In programming the computer to sing, I wanted to make it as versatile as possible. Versatility is what computers are good at. As with the analogue computer simulation, as with the language translation program, I wanted to program the general case. And this is where STRIDUL-8 came in: its language allowed you to specify any combination of pulses and intervals, and therefore any cricket song in the world. STRIDUL-8 had an intuitively reasonable bracket notation, which enabled the user to insert repeats, and repeats embedded within repeats, in a manner reminiscent of the grammar of language.

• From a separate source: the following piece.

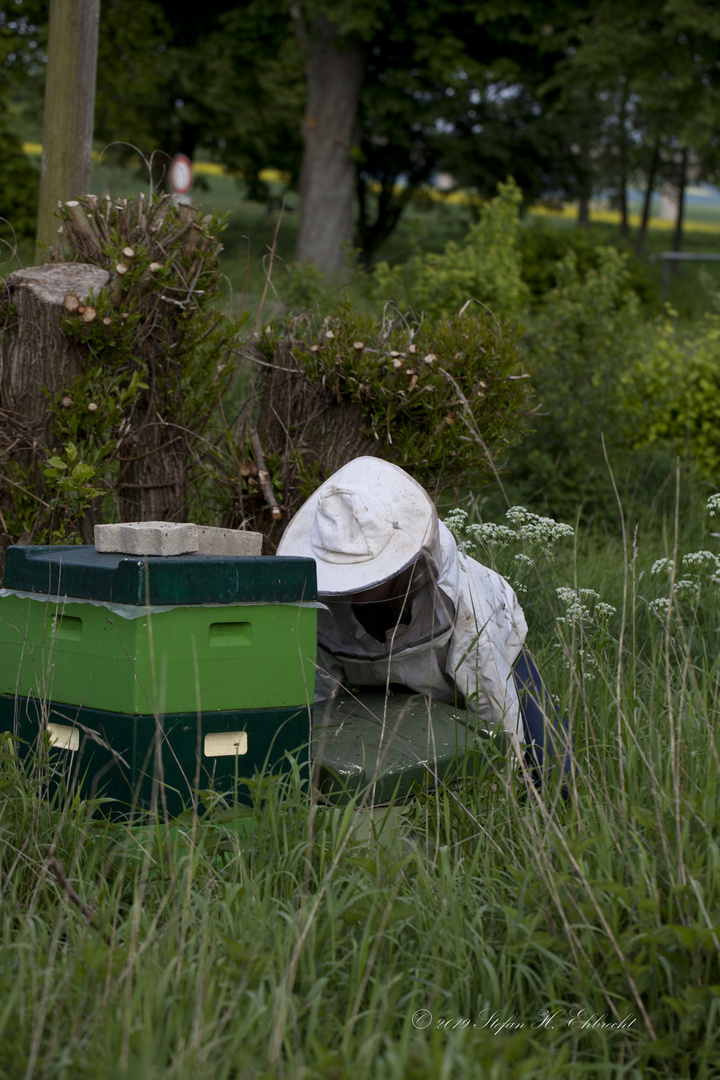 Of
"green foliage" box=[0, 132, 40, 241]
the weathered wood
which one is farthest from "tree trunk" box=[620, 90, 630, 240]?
the weathered wood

STRIDUL-8 worked well. Its simulations of cricket song sounded like real crickets to human ears, and it was easy to program the computer to sing like any cricket species in the world. However, when I demonstrated the system to Dr Henry Bennet-Clark, world authority on the acoustics of insect sounds, newly arrived from Edinburgh to take up a position in Oxford, he made a face and said ‘Eeugh!’ STRIDUL-8 could only specify the pattern in time of pulses of sound, each pulse corresponding to one stroke of the wings against each other. I had made no attempt to simulate the actual wave form produced by each wing stroke, and this is what Henry objected to. He was right. STRIDUL-8, as it stood, could not have done justice to the European tree crickets of whose song Henry once wrote that if moonlight could be heard that is how it would sound. Temporarily discouraged, I put my whole cricket song project on the back burner, while I attended to other pressing tasks, notably a challenging invitation from Cambridge. And unfortunately I never returned to it: my cricketing days were over. I’ve often regretted it. I think most scientists have sad loose ends, projects started, never finished. If I ever had vague intentions to return to the crickets, they were thwarted by Moore’s Law: computers change so rapidly that if you leave a loose end of research untied for as long as I left mine, you find that the extant computers have all become newer, sexier models, and they have forgotten how to run your earlier programs. To find a computer that would run STRIDUL-8 today I’d have to go to a museum.